As a family enterprise, your business runs best if it is owned and managed by the family. So it is in everyone’s interest to make sure no family member can transfer ownership outside of the family. To do this (and do it right), your business should have a shareholders’ agreement (often called a “buy/sell” agreement) or buy/sell provisions incorporated into your other governing documents.

A buy/sell agreement restricts transfers of ownership in your business. The company and all equity owners sign the agreement and the parties agree that any future owners will be obligated to sign as well. The agreement will likely divide potential transfers into two categories: voluntary transfers and involuntary transfers.

Voluntary transfers are exactly what they sound like – a family member chooses to transfer some or all of his or her interest to a third party. In many jurisdictions, courts have ruled that outright prohibitions on these kinds of transfers are not enforceable. So, your buy/sell agreement will likely permit the transfer, but only on certain conditions (such as requiring the affirmative agreement of all other owners) and only after everyone involved in the company has had an opportunity to acquire the shares instead. This opportunity is referred to as a “right of first refusal” and courts have uniformly ruled that it is enforceable. Involuntary transfers include transfers of the ownership interest through non-negotiated means, such as divorce, bankruptcy or death. Involuntary transfers are generally handled the same way as voluntary transfers, but may present some additional wrinkles.

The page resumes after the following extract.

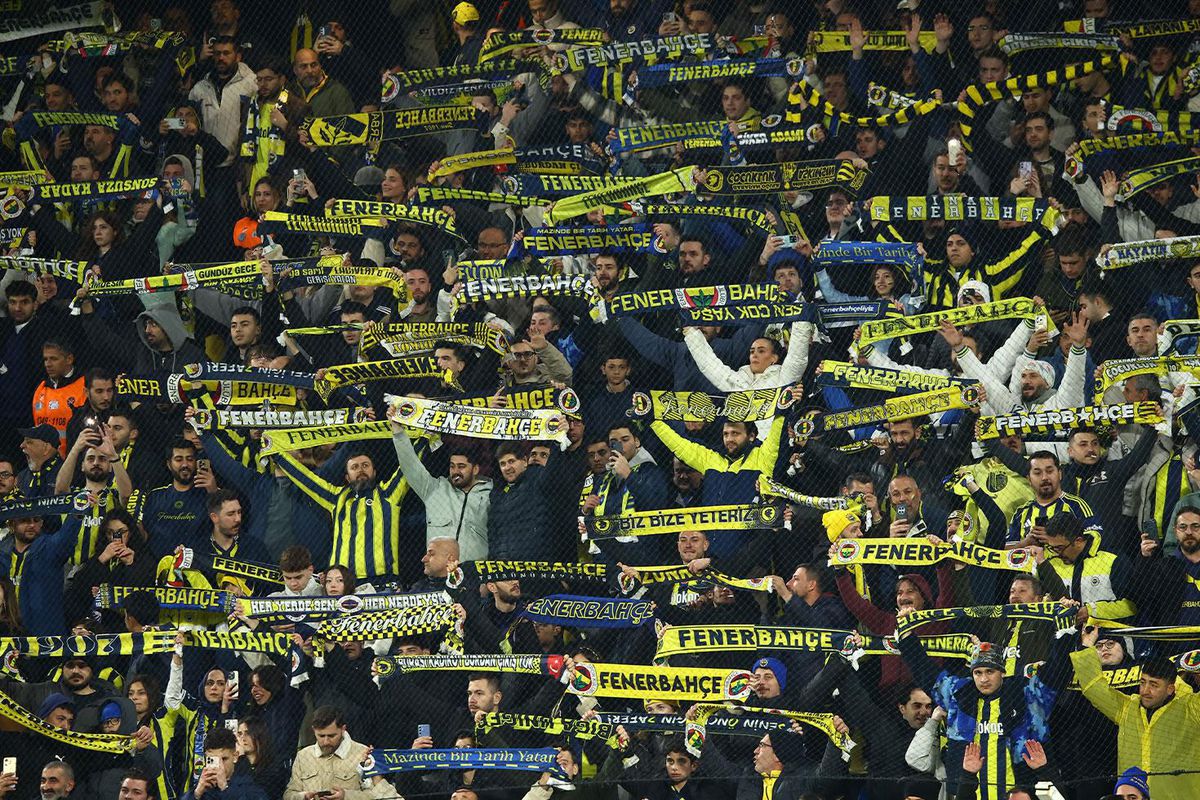 Fenerbahçe taraftarlarından oyuncularına protesto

There are innumerable variations on this right of first refusal structure. Sometimes it is a threshold requirement on a voluntary transfer that some or all other owners approve of the transfer. Sometimes the company has the opportunity to buy the interest. Sometimes only the other owners have the opportunity.  Sometimes it is only a subset of the owners. Sometimes it is both owners and the company. Sometimes the company has the right and sometimes it has the obligation. It all depends on what is right for your business and your family. Furthermore the price and the terms of the sale are also flexible. Most times, the price will be set by the company with some form of acceptable dispute resolution process, but this is not necessary.  Frequently, the price will be payable in some combination of cash and notes, so that the company and the other owners do not have to have a substantial amount of cash on hand to be able to exercise their right. The other terms of the purchase, including timing, are generally set out in a buy/sell agreement with an eye towards expediency and certainty of completing the purchase.

And, with anything, it is important to be mindful of the tax consequences to all the parties involved. A purchase of the stock by another family member under this mechanism is just that, and in most cases will result in long term capital gain tax treatment for the selling family member and a step up in the basis of the stock for the buying family member. A purchase by the company can be more complicated from a tax perspective. A company’s purchase of its own stock may be treated as a redemption and, therefore, perhaps a distribution. The tax treatment of distributions, particularly from Subchapter C corporations, can be complicated and it is important to have tax counsel, in addition to corporate counsel, review these provisions.

So if you are concerned about keeping ownership of your family business within the family, you will need some form of buy/sell agreement.  But not all buy/sell agreements are created equal – a good attorney can employ incredible flexibility that will allow you to protect your business, create the right incentives within the family and minimize tax burdens, all in a manner that is customized to your business.